DISCODE: Distribution-Aware Score Decoder for Robust Automatic Evaluation of Image Captioning
- URL: http://arxiv.org/abs/2512.14420v1
- Date: Tue, 16 Dec 2025 14:06:35 GMT
- Title: DISCODE: Distribution-Aware Score Decoder for Robust Automatic Evaluation of Image Captioning
- Authors: Nakamasa Inoue, Kanoko Goto, Masanari Oi, Martyna Gruszka, Mahiro Ukai, Takumi Hirose, Yusuke Sekikawa,
- Abstract summary: Large vision-language models (LVLMs) have shown impressive performance across a broad range of multimodal tasks.<n>We introduce the Distribution-Aware Score Decoder (DISCODE), a novel finetuning-free method that generates robust evaluation scores.<n>In our experiments, we demonstrate that DISCODE achieves state-of-the-art performance as a reference-free evaluation metric.

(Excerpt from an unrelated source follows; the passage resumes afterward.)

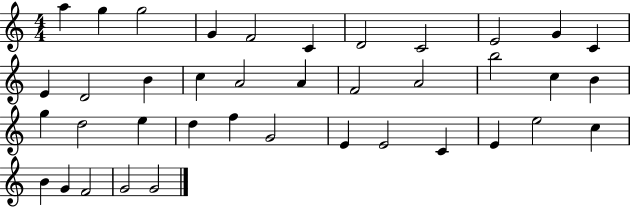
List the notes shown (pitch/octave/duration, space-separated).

A5/q G5/q G5/h G4/q F4/h C4/q D4/h C4/h E4/h G4/q C4/q E4/q D4/h B4/q C5/q A4/h A4/q F4/h A4/h B5/h C5/q B4/q G5/q D5/h E5/q D5/q F5/q G4/h E4/q E4/h C4/q E4/q E5/h C5/q B4/q G4/q F4/h G4/h G4/h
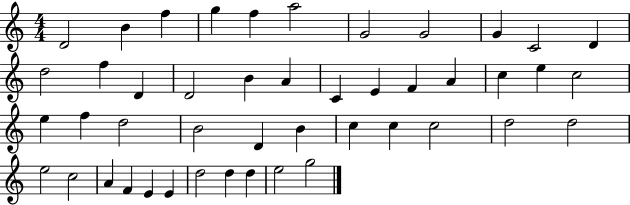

- Score: 22.541665746109285
- License: http://creativecommons.org/licenses/by/4.0/
- Abstract: Large vision-language models (LVLMs) have shown impressive performance across a broad range of multimodal tasks. However, robust image caption evaluation using LVLMs remains challenging, particularly under domain-shift scenarios. To address this issue, we introduce the Distribution-Aware Score Decoder (DISCODE), a novel finetuning-free method that generates robust evaluation scores better aligned with human judgments across diverse domains. The core idea behind DISCODE lies in its test-time adaptive evaluation approach, which introduces the Adaptive Test-Time (ATT) loss, leveraging a Gaussian prior distribution to improve robustness in evaluation score estimation. This loss is efficiently minimized at test time using an analytical solution that we derive. Furthermore, we introduce the Multi-domain Caption Evaluation (MCEval) benchmark, a new image captioning evaluation benchmark covering six distinct domains, designed to assess the robustness of evaluation metrics. In our experiments, we demonstrate that DISCODE achieves state-of-the-art performance as a reference-free evaluation metric across MCEval and four representative existing benchmarks.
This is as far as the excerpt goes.